By April Grace O’Sullivan.
Facebook: Author Ally Aldridge / Soul Heart Readers.
YouTube: Author Ally Aldridge
Good Reads: Ally Aldridge
Book Bub: @authorallyaldridge
Link Tree: https://linktr.ee/redfae
Her debut novel, Ocean Heart, is out this coming Autumn.
Now, let’s hear some more of Ally’s writing process!
- Tell us about yourself and what you love to write, and about your self-published project.
I mainly write YA Contemporary Fantasy. I love putting magic in the real world, but I’ve also dabbled in other genres. I’d love to write full time but to pay my bills I work in education, and spend most of my free time with my children. I’m also guilty of watching too much Netflix, drinking too much tea and I’m a social media junkie. I constantly have new ideas for blog posts and my biggest struggle is finding time for it all.

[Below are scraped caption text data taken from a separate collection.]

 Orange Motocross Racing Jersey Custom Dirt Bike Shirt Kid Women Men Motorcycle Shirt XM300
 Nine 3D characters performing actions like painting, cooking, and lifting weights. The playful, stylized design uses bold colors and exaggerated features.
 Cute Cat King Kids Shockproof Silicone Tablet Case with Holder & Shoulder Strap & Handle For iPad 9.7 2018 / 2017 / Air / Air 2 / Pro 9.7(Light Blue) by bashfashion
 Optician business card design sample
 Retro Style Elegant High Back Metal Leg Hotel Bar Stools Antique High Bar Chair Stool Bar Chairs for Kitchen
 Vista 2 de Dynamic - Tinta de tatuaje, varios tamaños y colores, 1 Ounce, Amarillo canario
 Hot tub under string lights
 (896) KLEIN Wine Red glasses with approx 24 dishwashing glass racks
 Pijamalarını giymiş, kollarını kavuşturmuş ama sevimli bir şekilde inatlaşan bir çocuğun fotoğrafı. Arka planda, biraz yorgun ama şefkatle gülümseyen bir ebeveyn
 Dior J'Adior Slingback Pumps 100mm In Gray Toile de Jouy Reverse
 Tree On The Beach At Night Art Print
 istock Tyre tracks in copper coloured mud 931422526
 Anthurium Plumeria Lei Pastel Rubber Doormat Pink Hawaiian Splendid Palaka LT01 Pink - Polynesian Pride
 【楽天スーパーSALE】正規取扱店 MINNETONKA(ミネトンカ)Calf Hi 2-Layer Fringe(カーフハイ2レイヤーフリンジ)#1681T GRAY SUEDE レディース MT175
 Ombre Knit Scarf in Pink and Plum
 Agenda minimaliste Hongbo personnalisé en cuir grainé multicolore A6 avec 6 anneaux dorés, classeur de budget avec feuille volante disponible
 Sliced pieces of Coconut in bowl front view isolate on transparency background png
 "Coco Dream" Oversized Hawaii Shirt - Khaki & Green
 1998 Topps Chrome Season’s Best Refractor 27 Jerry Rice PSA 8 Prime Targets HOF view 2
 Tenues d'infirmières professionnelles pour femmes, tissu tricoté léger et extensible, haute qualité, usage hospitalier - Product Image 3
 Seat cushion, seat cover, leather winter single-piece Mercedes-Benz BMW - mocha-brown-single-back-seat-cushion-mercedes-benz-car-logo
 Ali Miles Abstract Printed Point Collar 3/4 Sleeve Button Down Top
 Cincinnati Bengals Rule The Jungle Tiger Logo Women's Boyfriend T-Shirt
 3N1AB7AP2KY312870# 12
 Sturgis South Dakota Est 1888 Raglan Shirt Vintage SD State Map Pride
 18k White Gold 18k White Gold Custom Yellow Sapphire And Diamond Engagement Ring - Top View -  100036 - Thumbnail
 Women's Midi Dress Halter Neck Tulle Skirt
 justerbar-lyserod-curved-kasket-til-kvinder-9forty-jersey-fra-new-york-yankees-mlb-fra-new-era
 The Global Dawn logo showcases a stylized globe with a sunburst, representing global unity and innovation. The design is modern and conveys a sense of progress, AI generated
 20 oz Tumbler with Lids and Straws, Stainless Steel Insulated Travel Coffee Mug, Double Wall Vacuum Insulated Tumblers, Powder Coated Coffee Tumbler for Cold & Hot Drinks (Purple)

My current self publishing project is OCEAN HEART. It’s a YA Contemporary Fantasy about a teen, first love, and discovering you’re a mermaid with weather manipulation powers.
- What inspires you?
As a child, I fell in love with Ariel from The Little Mermaid and dreamed of one day writing a mermaid story novel. It was a photograph that inspired me to start writing Ocean Heart. It was an image of a man wearing jeans and a girl wearing a red dress underwater and it got me thinking why they were wearing clothes in a pool. Whilst writing I was inspired by the song Starry Eyed by Ellie Goulding. In addition, the book is set in my hometown and there is a lot of me in my character Mariah.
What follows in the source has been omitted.